How can hemodialysis-associated hypotension and dialysis-induced symptoms be explained and controlled--particularly in diabetic and arteriosclerotic patients?

Hampl, H.; Berweck, S.; Ludat, K.; Fischer, H.C.; Hertel, J.

Clinical Nephrology 53(1 Suppl): S69-S79

2000


ISSN/ISBN: 0301-0430
PMID: 10746810
Document Number: 519478
Patients with diabetes and/or severe arteriosclerosis are often unable to tolerate volume removal during hemodialysis (HD) and develop hemodialysis-induced symptoms. These problems can be omitted by well-balanced correction of the acid/base status. We compared 20 high-risk patients which were either treated with standard HD (dialysate bicarbonate 33 mmol/l, treatment A) or treated with standard HD and additional administration of NaHCO3 (120-160 ml 8.4% NaHCO3 solution over the venous line during HD) to correct the metabolic acidosis to upper normal values (treatment B). The following parameters were compared: 1. Acid/base status; 2. EEG monitoring and clinical observation of dialysis-induced symptoms; 3. Invasive monitoring of circulation by Swan-Ganz thermodilution; 4. Ventilation, oxygen consumption and lactate production.
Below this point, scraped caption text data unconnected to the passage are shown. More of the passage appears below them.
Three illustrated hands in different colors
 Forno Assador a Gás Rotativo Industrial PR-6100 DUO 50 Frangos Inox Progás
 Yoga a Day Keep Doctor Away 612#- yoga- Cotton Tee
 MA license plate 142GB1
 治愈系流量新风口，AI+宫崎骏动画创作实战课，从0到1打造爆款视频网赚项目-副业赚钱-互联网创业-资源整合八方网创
Optimal correction of acid/base values resulted in symptom-free hemodialysis sessions with stable PaCO2 in the normal range, cardiovascular stability assessed by invasive monitoring, normal ventilation and higher oxygen consumption and decreased lactate production. Optimal correction of acid/base balance further led to the absence of EEG alterations and of dialysis-induced symptoms during treatment B as compared to treatment A. The baroreceptor response in these patients is usually disturbed due to sclerosis of the pressosensible vessels, especially the aortic arch and the pulmonary arteries impairing a compensatory increase of heart rate upon volume removal. However, chemoreceptors are able to increase sympathetic tone with preservation of blood pressure in this situation. In addition a decrease of PaO2 during volume removal can only be answered by an early increase of ventilation response due to stimulation of chemoreceptors provided that PaCO2 is maintained normal. Furthermore, normal cerebral blood flow also depends on a normal PaCO2. Based on these pathophysiological mechanisms the therapeutic strategy of additional bicarbonate administration to correct the acid/base status guarantees a stable normal PaCO2 and facilitates a symptom-free HD in high-risk patients.